Giancarlo Zizola ci ha lasciati. E' morto ieri mattina a Monaco di Baviera, dove aveva seguito per il quotidiano “Repubblica” il  meeting interreligioso della Comunità di S. Egidio.
Tra quanti si occupano di informazione religiosa e vaticana in particolare, in Italia ma non solo in Italia, era da molti considerato il migliore, il più attento, esperto ed equilibrato. Ma anche determinato nel difendere l'autonomia professionale dalle numerose pressioni che, sulla sua  attività di  vaticanista, non di rado venivano esercitate dagli ambienti ecclesiastici e curiali. Ciò anche negli anni immediatamente successivi al Concilio Vaticano II, che lo ebbero tra i più seguiti cronisti in quella stagione di rinnovamento come di durissimi scontri all'interno del mondo cattolico.
In questa triste occasione, è la “schiena dritta” di Giancarlo che vorrei brevemente ricordare ai tanti colleghi che seguono il sito. Non so quanti rammenteranno nelle  note biografiche di questi giorni, il suo licenziamento dal “Messaggero”, avvenuto il 26 aprile del 1968. Quell'episodio importante della sua vita, che per fortuna non riuscì a fermare la sua lunga e brillante carriera, fu in un certo senso all'origine del Movimento dei giornalisti democratici e coinvolse indirettamente anche me, che per aver solidarizzato con lui con una raccolta di firme fui richiamato all'ordine dal direttore generale della RAI.
Di come andò  è lui stesso a riferire nel suo libro “La santità e il potere”, edito due anni fa da Sperling & Kuper (pag. 110). Racconta Giancarlo Zizola che quel 26 aprile, alle cinque della sera, Alessandro Perrone, padrone – è il caso di dirlo – del giornale romano, lo fece chiamare nel suo ufficio e gli disse:.

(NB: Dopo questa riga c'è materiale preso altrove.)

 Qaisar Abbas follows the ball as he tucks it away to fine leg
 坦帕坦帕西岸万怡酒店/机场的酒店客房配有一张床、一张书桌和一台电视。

“Signor Zizola, lei è licenziato”.
“E perché? risposi candidamente.
Il direttore cominciò a sfogliare con lentezza studiata Il Messaggero del giorno, spaginato sulla scrivania, finché non ebbe trovato il foglio e l'articolo che cercava, il mio: “Ecco”, disse puntando il dito e curvandosi sul mio pezzo. “Lei scrive che anche i teologi della morte di Dio possono contribuire alla purificazione dell'idea di Dio. Questo è avallare tesi comuniste inaccettabili in questo giornale”. “Direttore”, risposi, “vede bene come questo articolo io non lo ho firmato, ma solo siglato con le mie iniziali”.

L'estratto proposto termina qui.